Get Out is the low-budget indie horror smash that grossed more than $250m worldwide. Can its writer-director Jordan Peele ride the wave all the way to the Oscars?
When Jordan Peele set about making the darkly satirical horror film Get Out, the road to Oscar glory was the last thing on the debut feature director’s mind. After all, Academy voters hardly have a history of showering genre titles with affection — even the groundbreaking The Blair Witch Project (1999) failed to net a single nomination.
But caught up in the annual awards hoopla is exactly where Peele finds himself after helming the film, which centres on a young African-American man who visits his white girlfriend’s family with horrifying results. The genre-bending feature scored five nominations and three wins (for screenplay, breakthrough director and audience award) at the Gothams and was named best directorial debut and best ensemble by the National Board of Review.
When Peele embarked on this unlikely journey, he was still known primarily as one half of comedy sketch duo Key and Peele, whose eponymous show aired for five seasons on Comedy Central. His debut feature as a screenwriter, Keanu, co-written with Alex Rubens, grossed a so-so $21m at US cinemas, and was negligible in foreign territories. With Get Out, Peele’s first task was discovering what the core idea of the film would be — what the filmmaker calls the “driving engine”. “I felt like the fear of being the outsider, the fear of unwanted attention, and ultimately the fear of race, or racial dynamics, is universal, but I haven’t really seen that in a film before,” he explains.
When it came to casting the leads, Peele zeroed in on UK actor Daniel Kaluuya — an alumnus of UK TV show Skins — and Girls’ Allison Williams. “You need people who are at a point in their career where the associations with that person help support your vision, as opposed to detract,” says Peele. “[Chris and Rose] are the two roles that if they are one note wrong the entire movie doesn’t work.”
Casting Kaluuya and Williams allowed Peele to delve further into the story. “Every person you consider in the role changes the character,” he says. “I allow the person who gets the role to inform my next draft of the script. It’s one of those phases where the words really start coming to life.”
As an actor himself, Peele has particular insight into the varying processes that performers adopt during filming. He wanted each actor to have a working experience tailored to his or her creative process: “‘Tell me how you work the best, how I can get the best thing out of you, and then I’m going to try to give you that process.’ So, we did that.”
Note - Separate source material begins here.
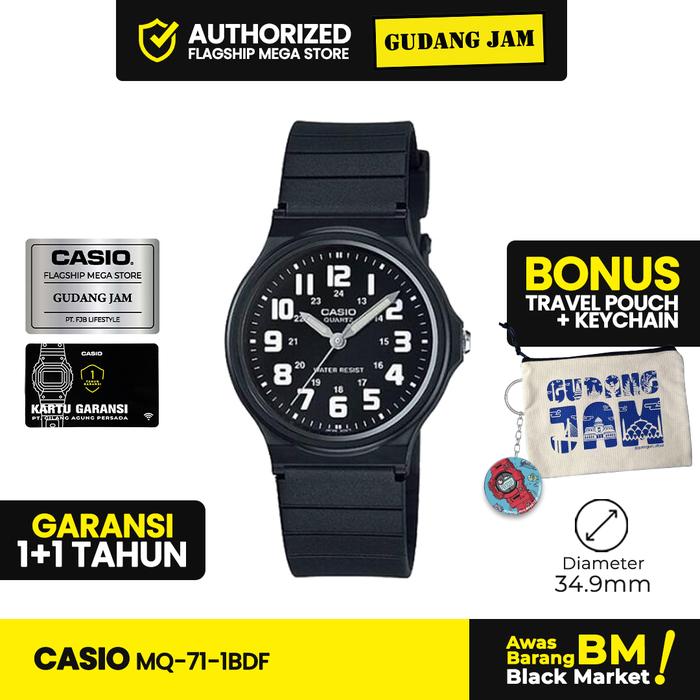 Casio General MQ-71-1BDF MQ-71-1B MQ-71 MQ71 MQ 71 Watches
Peele feels his directing debut was aided by his experience acting, producing and writing on Key & Peele. He did, however, have to conquer his rising apprehension in the lead-up to filming. “I had some misplaced fears,” Peele explains. “Before I directed, I was obsessing with what my blind spot would be, ‘What’s this one thing that, because I haven’t done it before, I’m going to get on this set and then get the dailies, and realise that the movie doesn’t look good?’”
In the big leagues
While Get Out’s recognition from the Gothams, National Board of Review and Independent Spirits (where it was up for five awards) should help the film win the attention of Academy voters, its nomination for best international independent film at the British Independent Film Awards puts it in very exalted company: not just alongside fellow US indie titles The Florida Project and I Am Not Your Negro, but also Andrey Zvyagintsev’s Loveless and Ruben Ostlund’s Palme d’Or winner The Square.
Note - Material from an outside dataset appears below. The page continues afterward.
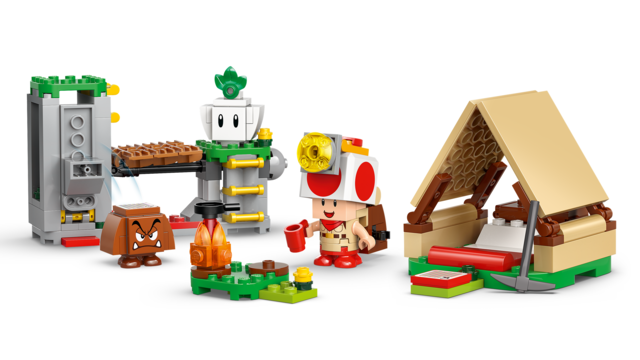 LEGO® Super Mario™ Captain Toad's Camp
Accolades, however, were never the point. Peele set out to make a film that he had never seen before — a film that confronts racism in an engaging, entertaining and thought-provoking way. He also wanted to spark conversation and perhaps motivate introspection. “I wanted to challenge anybody who feels like they are not racist to really look at how they are defining the word ‘racist’,” he says.
“Some people think that a white supremacist is the definition of a racist person, but what I’m trying to point out with this movie is that there is a spectrum of actions that are all connected to the same sense of tribalism and otherness that is racism; and that there’s a system in place at this point that perpetuates itself. We’re not going to get anywhere if we don’t include ourselves as possible racists.”